Soyapango, San Salvador, El Salvador

 


 

I had an interaction the other day that has kind of bothered me ever since it happened. I had just flown back home after a long day of travel and began to strike up a conversation with a friend in the airport. I told him that I was just returning from running workshops in El Salvador, when a woman who had overheard our conversation chimed in, condescendingly saying, “why would you ever go there” – her noticeably sarcastic undertone very much evident.

Though she definitely could’ve put it a lot nicer, I really can’t fault her for her judgement. I mean, El Salvador has quite the reputation for its danger, both in gang and drug related crime. The once-dubbed “murder capital of the world”, with something around 108.54 out of every 100,000 people becoming victims of homicide. This meaning that a little more than one out of every 1000 persons are murdered. On top of that, I found that just two months ago El Salvador went a full day without a murder for the first time in two years.

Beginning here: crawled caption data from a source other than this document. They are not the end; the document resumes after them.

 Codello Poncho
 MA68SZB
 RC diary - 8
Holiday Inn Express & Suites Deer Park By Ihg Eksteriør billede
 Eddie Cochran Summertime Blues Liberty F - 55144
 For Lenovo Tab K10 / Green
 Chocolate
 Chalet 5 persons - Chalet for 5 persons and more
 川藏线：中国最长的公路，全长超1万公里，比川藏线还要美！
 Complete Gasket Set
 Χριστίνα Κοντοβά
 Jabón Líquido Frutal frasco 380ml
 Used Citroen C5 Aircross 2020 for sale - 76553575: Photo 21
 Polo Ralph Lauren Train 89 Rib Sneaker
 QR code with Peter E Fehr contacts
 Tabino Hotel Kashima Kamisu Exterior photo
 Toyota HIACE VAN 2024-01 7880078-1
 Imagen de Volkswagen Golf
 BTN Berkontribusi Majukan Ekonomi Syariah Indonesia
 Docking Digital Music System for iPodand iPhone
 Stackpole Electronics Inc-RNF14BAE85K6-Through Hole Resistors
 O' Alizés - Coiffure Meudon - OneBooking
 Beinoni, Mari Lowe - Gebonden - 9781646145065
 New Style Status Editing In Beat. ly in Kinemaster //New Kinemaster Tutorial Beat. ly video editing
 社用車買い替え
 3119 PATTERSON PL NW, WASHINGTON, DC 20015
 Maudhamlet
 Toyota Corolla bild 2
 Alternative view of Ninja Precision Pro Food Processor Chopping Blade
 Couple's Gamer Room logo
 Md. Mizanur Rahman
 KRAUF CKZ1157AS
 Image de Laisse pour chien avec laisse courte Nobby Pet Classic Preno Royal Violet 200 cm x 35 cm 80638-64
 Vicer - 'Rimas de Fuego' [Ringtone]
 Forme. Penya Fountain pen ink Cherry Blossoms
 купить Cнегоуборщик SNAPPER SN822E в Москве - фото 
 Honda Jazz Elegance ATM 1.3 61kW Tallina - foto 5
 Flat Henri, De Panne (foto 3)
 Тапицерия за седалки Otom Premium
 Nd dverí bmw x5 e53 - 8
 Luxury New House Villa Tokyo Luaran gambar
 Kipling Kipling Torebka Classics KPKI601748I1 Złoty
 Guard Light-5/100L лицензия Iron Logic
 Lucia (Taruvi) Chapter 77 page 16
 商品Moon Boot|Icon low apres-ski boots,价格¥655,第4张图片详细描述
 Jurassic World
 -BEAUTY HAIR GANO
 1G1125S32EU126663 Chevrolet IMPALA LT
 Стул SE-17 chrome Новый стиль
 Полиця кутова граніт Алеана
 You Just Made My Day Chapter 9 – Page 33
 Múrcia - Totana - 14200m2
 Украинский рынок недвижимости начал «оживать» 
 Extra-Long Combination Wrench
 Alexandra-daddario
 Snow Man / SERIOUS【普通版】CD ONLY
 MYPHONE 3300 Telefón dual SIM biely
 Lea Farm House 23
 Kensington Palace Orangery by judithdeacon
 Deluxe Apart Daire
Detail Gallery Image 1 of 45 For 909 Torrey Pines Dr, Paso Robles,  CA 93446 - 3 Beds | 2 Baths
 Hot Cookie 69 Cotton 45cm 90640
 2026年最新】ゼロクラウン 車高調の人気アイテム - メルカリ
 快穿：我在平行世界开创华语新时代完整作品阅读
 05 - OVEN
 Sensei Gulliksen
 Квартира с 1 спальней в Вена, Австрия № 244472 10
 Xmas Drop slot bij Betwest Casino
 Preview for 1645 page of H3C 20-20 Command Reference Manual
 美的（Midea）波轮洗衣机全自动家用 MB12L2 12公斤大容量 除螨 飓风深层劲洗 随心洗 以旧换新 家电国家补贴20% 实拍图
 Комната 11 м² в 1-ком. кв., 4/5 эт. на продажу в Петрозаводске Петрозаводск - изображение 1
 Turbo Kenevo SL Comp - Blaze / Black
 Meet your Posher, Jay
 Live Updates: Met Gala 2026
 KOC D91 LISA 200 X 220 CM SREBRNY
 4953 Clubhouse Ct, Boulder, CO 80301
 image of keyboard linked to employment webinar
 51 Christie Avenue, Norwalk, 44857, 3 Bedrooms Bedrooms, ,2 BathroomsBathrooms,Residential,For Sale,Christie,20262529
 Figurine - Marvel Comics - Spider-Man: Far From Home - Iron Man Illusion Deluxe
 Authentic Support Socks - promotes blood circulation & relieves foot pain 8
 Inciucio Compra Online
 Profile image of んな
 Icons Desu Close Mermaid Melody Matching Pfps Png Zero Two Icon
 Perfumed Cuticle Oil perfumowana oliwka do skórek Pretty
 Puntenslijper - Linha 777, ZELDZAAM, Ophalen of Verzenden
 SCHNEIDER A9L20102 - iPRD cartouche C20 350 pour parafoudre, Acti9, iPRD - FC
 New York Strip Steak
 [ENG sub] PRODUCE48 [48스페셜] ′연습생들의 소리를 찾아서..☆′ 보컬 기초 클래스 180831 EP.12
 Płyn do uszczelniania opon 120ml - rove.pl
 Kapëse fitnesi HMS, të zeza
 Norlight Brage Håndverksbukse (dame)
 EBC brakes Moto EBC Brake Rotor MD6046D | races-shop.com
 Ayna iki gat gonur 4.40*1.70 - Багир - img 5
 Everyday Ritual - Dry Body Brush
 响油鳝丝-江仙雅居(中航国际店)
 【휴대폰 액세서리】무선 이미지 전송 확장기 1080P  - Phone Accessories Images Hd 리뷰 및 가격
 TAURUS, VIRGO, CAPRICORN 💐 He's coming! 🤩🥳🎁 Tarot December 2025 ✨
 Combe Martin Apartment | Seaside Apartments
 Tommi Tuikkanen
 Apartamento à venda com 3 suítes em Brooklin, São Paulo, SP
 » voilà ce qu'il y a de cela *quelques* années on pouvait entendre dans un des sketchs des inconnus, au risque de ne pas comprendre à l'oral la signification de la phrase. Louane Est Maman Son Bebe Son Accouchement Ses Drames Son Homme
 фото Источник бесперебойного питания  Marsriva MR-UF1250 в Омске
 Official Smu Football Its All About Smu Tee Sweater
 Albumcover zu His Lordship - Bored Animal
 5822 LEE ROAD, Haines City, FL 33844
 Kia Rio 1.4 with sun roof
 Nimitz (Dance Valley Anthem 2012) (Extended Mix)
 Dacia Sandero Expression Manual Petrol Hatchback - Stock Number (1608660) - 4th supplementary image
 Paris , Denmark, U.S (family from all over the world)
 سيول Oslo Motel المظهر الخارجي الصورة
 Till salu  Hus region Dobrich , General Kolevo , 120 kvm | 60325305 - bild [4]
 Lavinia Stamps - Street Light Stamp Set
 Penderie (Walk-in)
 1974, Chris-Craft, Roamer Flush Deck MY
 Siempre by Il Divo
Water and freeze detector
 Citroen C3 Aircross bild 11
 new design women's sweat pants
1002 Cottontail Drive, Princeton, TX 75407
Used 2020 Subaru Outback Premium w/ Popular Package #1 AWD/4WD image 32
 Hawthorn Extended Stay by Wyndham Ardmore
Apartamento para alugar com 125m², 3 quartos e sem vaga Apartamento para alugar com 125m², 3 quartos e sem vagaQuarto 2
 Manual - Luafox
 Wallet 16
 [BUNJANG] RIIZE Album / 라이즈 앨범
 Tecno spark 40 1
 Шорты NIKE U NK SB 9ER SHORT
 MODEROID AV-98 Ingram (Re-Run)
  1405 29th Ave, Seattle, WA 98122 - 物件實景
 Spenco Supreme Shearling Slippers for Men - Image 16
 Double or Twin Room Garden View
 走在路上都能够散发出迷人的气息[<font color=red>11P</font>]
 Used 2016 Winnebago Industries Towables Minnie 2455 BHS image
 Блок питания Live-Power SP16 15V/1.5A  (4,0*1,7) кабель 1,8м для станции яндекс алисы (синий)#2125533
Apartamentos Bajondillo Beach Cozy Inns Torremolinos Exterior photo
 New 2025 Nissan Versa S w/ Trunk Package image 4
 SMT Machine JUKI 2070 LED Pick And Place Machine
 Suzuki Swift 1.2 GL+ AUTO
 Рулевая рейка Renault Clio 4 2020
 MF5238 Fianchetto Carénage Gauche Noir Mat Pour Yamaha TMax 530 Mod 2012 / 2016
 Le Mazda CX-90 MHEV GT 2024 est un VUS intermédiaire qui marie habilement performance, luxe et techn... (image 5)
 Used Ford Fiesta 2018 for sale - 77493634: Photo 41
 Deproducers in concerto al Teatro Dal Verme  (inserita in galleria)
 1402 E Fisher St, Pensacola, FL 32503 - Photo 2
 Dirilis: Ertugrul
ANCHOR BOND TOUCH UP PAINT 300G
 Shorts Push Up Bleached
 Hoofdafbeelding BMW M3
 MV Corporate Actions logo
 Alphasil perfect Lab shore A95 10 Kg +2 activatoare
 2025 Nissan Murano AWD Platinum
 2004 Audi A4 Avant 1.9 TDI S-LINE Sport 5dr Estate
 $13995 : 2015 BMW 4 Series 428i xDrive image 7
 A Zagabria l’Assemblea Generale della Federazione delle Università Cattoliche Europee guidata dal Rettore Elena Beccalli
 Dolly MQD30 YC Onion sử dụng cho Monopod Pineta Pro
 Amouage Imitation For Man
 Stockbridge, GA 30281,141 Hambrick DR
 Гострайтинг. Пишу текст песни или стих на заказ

So considering all that, I guess this woman had a point. But in a way, I still pitied her. I went to El Salvador without any expectations. I was welcomed by a family that took me in as one of their own – giving me food when I hungered, and rest when I grew tired. I was taken in by a community of hard-working individuals, who during the week did anything they could to provide for their families, but by weekend, sought the soccer pitch as refuge. I was showered with love in a place that had been so misunderstood for so many years before.

A lot of these experiences would’ve never happened if my outlook on life was a little less like my own and a little more like that woman in the airport. If your first instinct when you meet someone is to not trust them, you’ll sadly miss out on a lot of opportunities to learn and really grow. It’s important to keep an open mind, and an open heart, in all things you do.